= PROBLEM DESCRIPTION =
The answer is an exact repetition of every entry, with all images left out.
(GIVEN DATA Opens)
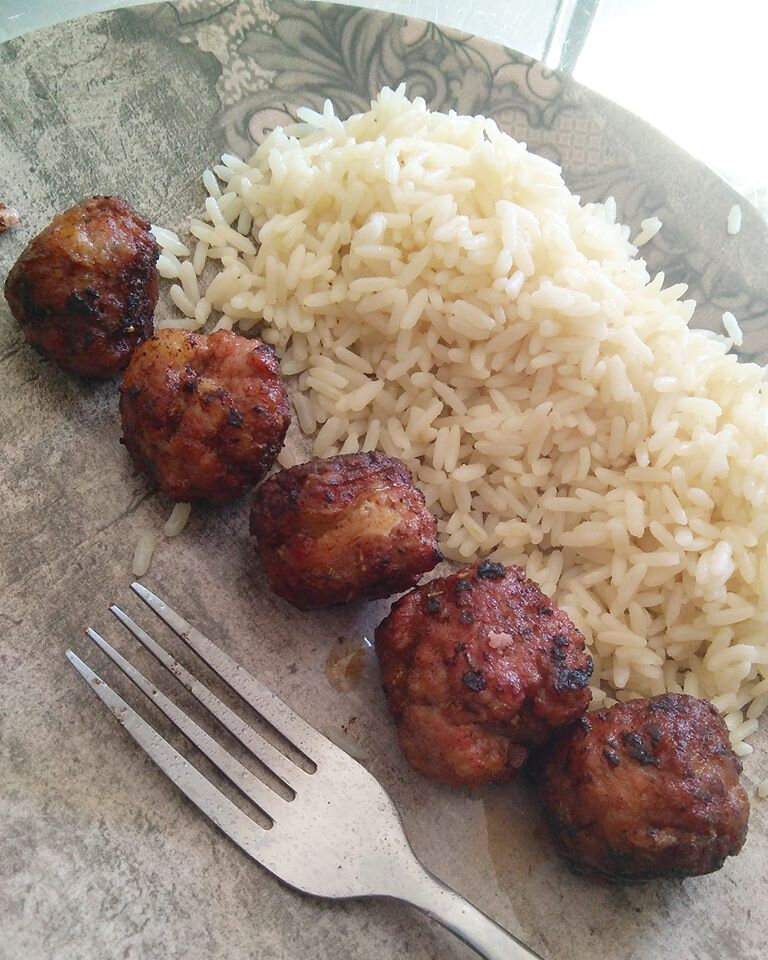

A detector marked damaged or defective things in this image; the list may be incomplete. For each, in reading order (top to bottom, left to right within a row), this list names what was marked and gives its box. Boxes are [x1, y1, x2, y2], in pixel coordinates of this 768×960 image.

charred meatball [2, 197, 159, 376]
charred meatball [118, 328, 290, 498]
charred meatball [252, 454, 440, 612]
charred meatball [376, 564, 592, 788]
charred meatball [536, 692, 748, 880]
(GIVEN DATA Closes)
= EXERCISE ANSWER =
A detector marked damaged or defective things in this image; the list may be incomplete. For each, in reading order (top to bottom, left to right within a row), this list names what was marked and gives its box. Boxes are [x1, y1, x2, y2], in pixel coordinates of this 768×960 image.

charred meatball [2, 197, 159, 376]
charred meatball [118, 328, 290, 498]
charred meatball [252, 454, 440, 612]
charred meatball [376, 564, 592, 788]
charred meatball [536, 692, 748, 880]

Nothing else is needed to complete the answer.